Some data come with missing values. For instance, a survey’s participant may ignore some questions. There is an abundant statistical literature on this topic, establishing for instance how to fit model without biases due to the missingness, and imputation strategies to provide practical solutions to the analyst. In machine learning, to build models that minimize a prediction risk, most work default to these practices. As we will see, these different settings lead to different theoretical and practical solutions.

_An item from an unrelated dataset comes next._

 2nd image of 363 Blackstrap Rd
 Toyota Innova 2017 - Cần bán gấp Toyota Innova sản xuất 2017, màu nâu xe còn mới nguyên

I will outline some conditions under which machine-learning models yield the best-possible predictions in the presence of missing values. A striking result is that naive imputation strategies can be optimal, as the supervised-learning model does the hard work [1]. A challenge to fitting a machine-learning model is that there is a combinatorial explosion of possible missing-values patterns such that even when the output is a linear function of the fully-observed data, the optimal predictor is complex [2]. I will show how the same dedicated neural architecture can approximate well the optimal predictor for multiple missing-values mechanisms, including difficult missing-not-at-random settings [3].
[1] Josse, J., Prost, N., Scornet, E., & Varoquaux, G. (2019). On the consistency of supervised learning with missing values. arXiv preprint arXiv:1902.06931.
[2] Le Morvan, M., Prost, N., Josse, J., Scornet, E., & Varoquaux, G. (2020). Linear predictor on linearly-generated data with missing values: non consistency and solutions. AISTATS 2020.